D’après lui, la troisième solution est de sensibiliser les populations à vivre pacifiquement avec ces animaux. « Ce qui implique de connaître leurs comportements à travers la sensibilisation».

Selon cet environnementaliste, les conflits homme-faunes augmentent au moment où très peu de solutions efficaces sont envisagées. Ce secteur de la faune sauvage, explique-t-il, n’est pas encore une priorité pour toutes les parties prenantes»

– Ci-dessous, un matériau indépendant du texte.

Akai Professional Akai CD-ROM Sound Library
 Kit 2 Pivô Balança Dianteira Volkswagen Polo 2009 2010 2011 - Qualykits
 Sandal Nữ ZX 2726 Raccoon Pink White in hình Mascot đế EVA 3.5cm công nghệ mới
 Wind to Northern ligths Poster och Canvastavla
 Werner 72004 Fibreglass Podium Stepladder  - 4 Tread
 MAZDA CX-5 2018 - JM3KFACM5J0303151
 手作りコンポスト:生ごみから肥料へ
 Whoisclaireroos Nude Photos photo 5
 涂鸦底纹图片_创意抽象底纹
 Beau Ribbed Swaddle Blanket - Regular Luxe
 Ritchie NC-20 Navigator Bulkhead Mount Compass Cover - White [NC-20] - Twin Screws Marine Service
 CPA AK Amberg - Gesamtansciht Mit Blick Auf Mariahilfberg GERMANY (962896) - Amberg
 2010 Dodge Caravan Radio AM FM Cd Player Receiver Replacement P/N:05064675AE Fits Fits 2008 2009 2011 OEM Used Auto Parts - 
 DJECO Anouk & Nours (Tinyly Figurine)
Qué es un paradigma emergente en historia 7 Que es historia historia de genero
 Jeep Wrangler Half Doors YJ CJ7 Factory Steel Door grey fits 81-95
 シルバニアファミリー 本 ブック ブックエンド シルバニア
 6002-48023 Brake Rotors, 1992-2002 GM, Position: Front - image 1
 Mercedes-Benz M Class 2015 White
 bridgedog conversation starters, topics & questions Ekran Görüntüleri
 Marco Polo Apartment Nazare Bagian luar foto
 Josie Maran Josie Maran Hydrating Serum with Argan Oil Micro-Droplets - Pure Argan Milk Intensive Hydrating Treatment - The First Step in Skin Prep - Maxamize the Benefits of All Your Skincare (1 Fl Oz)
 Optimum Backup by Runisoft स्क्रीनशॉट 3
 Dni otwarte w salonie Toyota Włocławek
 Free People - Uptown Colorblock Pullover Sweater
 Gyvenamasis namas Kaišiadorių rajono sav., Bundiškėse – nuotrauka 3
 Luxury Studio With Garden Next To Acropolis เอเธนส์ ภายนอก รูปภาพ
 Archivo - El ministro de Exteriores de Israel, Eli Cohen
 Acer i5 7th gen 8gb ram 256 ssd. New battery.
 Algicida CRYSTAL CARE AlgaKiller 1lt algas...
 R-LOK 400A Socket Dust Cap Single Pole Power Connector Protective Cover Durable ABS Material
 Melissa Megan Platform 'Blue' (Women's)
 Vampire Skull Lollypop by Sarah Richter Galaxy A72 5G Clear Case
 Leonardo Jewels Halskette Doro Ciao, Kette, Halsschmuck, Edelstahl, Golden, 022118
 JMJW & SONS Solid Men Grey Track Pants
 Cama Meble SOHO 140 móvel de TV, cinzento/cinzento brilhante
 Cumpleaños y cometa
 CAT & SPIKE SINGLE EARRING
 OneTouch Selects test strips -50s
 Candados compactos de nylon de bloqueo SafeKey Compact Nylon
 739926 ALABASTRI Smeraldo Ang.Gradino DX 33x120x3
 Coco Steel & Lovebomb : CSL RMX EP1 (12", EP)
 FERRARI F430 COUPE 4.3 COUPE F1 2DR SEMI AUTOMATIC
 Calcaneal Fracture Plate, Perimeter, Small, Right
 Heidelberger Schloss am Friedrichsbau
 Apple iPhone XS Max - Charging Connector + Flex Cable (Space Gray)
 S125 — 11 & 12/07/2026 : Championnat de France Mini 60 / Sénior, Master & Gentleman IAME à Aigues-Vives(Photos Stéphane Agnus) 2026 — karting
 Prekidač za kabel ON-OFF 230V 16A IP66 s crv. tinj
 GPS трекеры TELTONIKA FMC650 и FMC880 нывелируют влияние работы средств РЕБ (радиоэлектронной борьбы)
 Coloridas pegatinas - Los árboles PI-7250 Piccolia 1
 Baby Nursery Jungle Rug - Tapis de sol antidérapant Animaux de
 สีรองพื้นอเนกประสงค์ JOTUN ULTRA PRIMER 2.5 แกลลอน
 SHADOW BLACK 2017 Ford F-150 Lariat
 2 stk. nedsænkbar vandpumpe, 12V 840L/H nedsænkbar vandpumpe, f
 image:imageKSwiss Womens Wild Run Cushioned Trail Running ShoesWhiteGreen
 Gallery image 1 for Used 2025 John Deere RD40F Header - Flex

M.Ndayizeye dit qu’au lieu de prendre ces animaux comme une menace, il faut plutôt les voir comme une opportunité : « Ce sont des perles qu’on peut encadrer. Il faut leur trouver un environnement propice à leur épanouissement. Et une fois leur endroit bien clôturé, ils vont attirer des touristes. » Et ce faisant, cet environnementaliste pense que l’on pourra les considérer comme un patrimoine national. « Sinon, s’ils sont remis dans le lac ou dans la rivière Rusizi, ils peuvent migrer vers d’autres pays. Et là, ils deviennent une richesse régionale. »

M.Ndayizeye avertit que si les hippopotames venaient à disparaître, il y a d’autres espèces qui vont suivre.
Quant à M.Mbonerane, il affirme que leur présence est un danger pour la population : « Ces animaux peuvent être tués et passer à l’auto-défense. » Il indique que c’est la responsabilité de l’Office burundais pour l’environnement (OBPE) de voir les options techniques. Pour lui, on peut les guider pour retourner dans le lac. Pour la bonne cohabitation, nuance-t-il, il faudrait arriver à créer un habitat bien protégé pour eux.